Jaw and scalp tension affecting the galea aponeurotica and blood supply to the scalp, hypothyroidism, insulin resistance, liver disease, heavy metal toxicity, Hypervitaminosis A, micronutrient deficiencies and more can all be present in a woman and they will still be unlikely to experience MPB. Why? The same reason eunuchs don't go bald.  Lack of DHT. Only if you inject testosterone into a eunuch can they go bald.

This is relevant to the post about beta catenin that @orion recently linked to:

Dihydrotestosterone Regulates Hair Growth Through the Wnt/β-Catenin Pathway in C57BL/6 Mice and In Vitro Organ Culture

Dihydrotestosterone (DHT) is the most potent androgen that regulates hair cycling. Hair cycling involves cross-talk between the androgen and Wnt/β-catenin pathways. However, how DHT regulates hair follicle (HF) growth through the Wnt/β-catenin pathway has not been well investigated. This study aimed to investigate the roles of DHT in hair growth in vivo and in vitro. Human scalp HFs were treated with different concentrations of DHT (10-5, 10-6, 10-7, 10-8, and 10-9 mol/L) for 10 days. The effects of DHT on hair shaft elongation, the proliferation of hair matrix cells, and the levels of β-catenin, GSK-3β, and phosphorylated GSK-3β (ser9) were evaluated in the cultured HFs. The effects of DHT were further investigated in C57BL/6 mice. Moreover, the growth of cultured human HFs was observed after interfering with the β-catenin pathway through inhibitors or activators in the presence or absence of DHT. We found that different concentrations of DHT had different effects on human HFs in vitro and C57BL/6 mice. At 10-6 mol/L, DHT inhibited HF growth and β-catenin/p-GSK-3β expression, whereas 10-7 mol/L DHT induced HF growth and β-catenin/p-GSK-3β expression. In addition, a β-catenin inhibitor (21H7) inhibited HF growth in vitro, while a β-catenin activator (IM12) promoted HF growth in vitro and antagonized the inhibition of HFs by high levels of DHT. These results suggest that DHT plays a pivotal role in region-specific hair growth, which may be related to the Wnt/β-catenin pathway.
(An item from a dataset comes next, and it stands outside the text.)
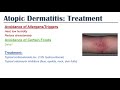 Eczema (Atopic Dermatitis) | Atopic Triad, Triggers, Who gets it, Why does it happen, & Treatment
The Molecular Mechanism of Natural Products Activating Wnt/β-Catenin Signaling Pathway for Improving Hair Loss

Hair development involves crosstalk between the epidermal and dermal compartments in the hair follicle [17,25]. The Wnt/β-catenin signaling pathway is a master regulator of hair cells, including outer root sheath cells (ORS), hair matrix cells, and derma papilla cells during hair morphogenesis and the regeneration of hair follicles. Furthermore, Wnt/β-catenin signaling induces the onset of anagen and regulates the hair cycle [10,21,26]. The Wnt/β-catenin signaling pathway also plays an important role in hair morphogenesis and the regeneration of hair follicles [26]. Huelsken et al. demonstrated that genetic ablation of β-catenin failed to cause placode morphogenesis in mouse epidermis [27], implying that Wnt signals are important in hair development. Thus, the Wnt/β-catenin signaling pathway is a potential factor in treating hair loss.
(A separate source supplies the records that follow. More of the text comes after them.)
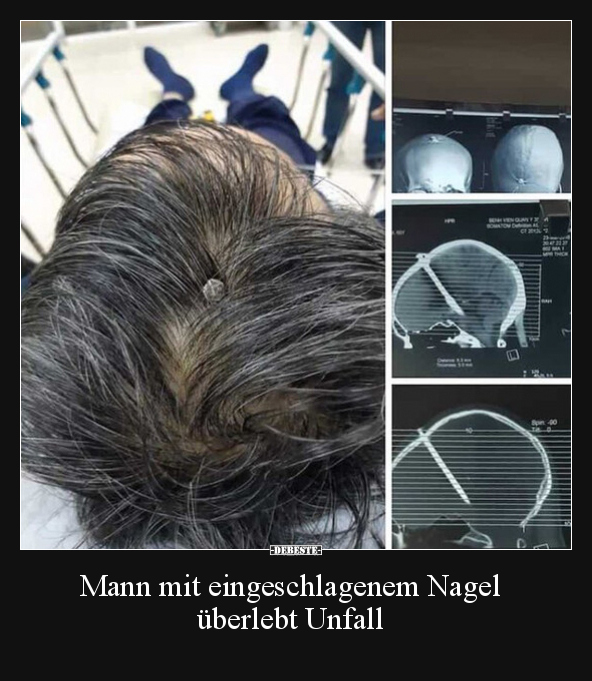 Mann mit eingeschlagenem Nagel überlebt Unfall.. - Lustige Bilder | DEBESTE.de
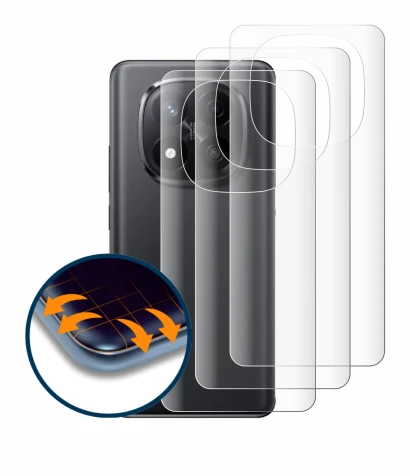 Image de l'appareil Xiaomi Redmi Note 14 Pro Plus (Arrière) avec une grande variété de protections d'écran.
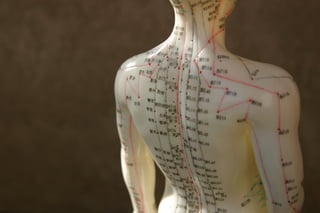 Acupuncture for headache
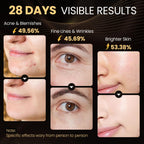 Lovsheme Red Light Therapy for Face, Enhance LED Face Mask Light Therapy for Acne, Wrinkles & Skin Rejuvenation, 3 Light Modes &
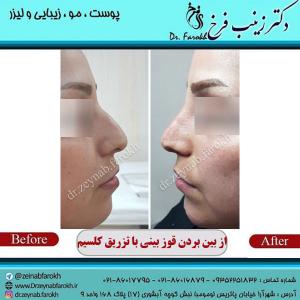 از-بین-بردن-قوز-بینی-با-کلسیم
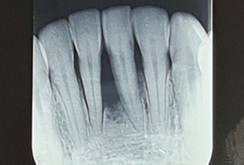 Radiografia mostrando a perda óssea causada pela ação do freio labial da foto anterior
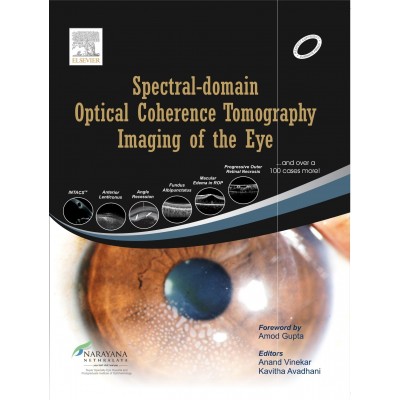 Spectral Domain Optical Coherence Tomography Imaging of the Eye;1st Edition 2013 by Anand Vinekar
In addition, many studies have demonstrated that various natural products effectively activate the Wnt/β-catenin signaling pathway against hair loss [94,95,96,97,98,99,100,101,102,103,104]. Tocotrienol, a vitamin E analog, has antioxidant properties. Ahmed et al. demonstrated that topical treatment with a tocotrienol-rich formulation (TRF) significantly stimulated epidermal hair follicle development and the onset of early anagen in the depilated dorsal skin of mice [94]. In addition, TRF suppressed the expression level of E-cadherin and stimulated the nuclear localization of β-catenin [94].

Hi Tim - massively disagree RE: DHT and testosterone.
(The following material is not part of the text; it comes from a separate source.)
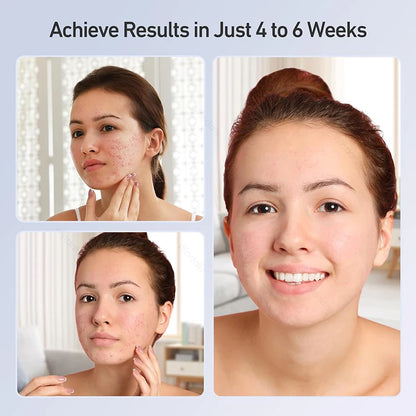 Maschera di bellezza a LED a 7 colori – Strumento ricaricabile per la cura della pelle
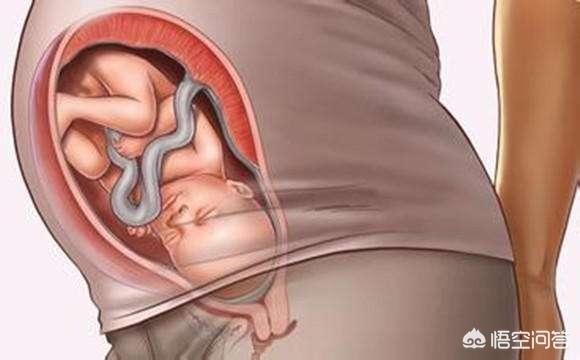 孕期怎样判断宝宝是否健康？ 宝宝健康 第3张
In fact, women *do* experience hair loss. It is typically not in as specific a pattern as men, and is more likely to be diffuse thinning. However, in scans, it has been shown that women's scalp tension (in individuals with hair loss) is drastically lower and drastically different to a man's. See the pictures attached. This could be the reason for the differences in "amounts" of hair loss and the patterns. The high scalp tension areas on men's heads are where we lose the most hair - the front temple parts, the vertex etc. - women's scalp tension in these areas is much lower relatively speaking. As mentioned in my other comment - this may be due to skull shape differences, muscle strength difference of the frontalis and occipitalis muscles - or could be something else entirely. Why this happens, I do not know. But the scalp tension theory / blood flow theory is certainly relevant as to the cause.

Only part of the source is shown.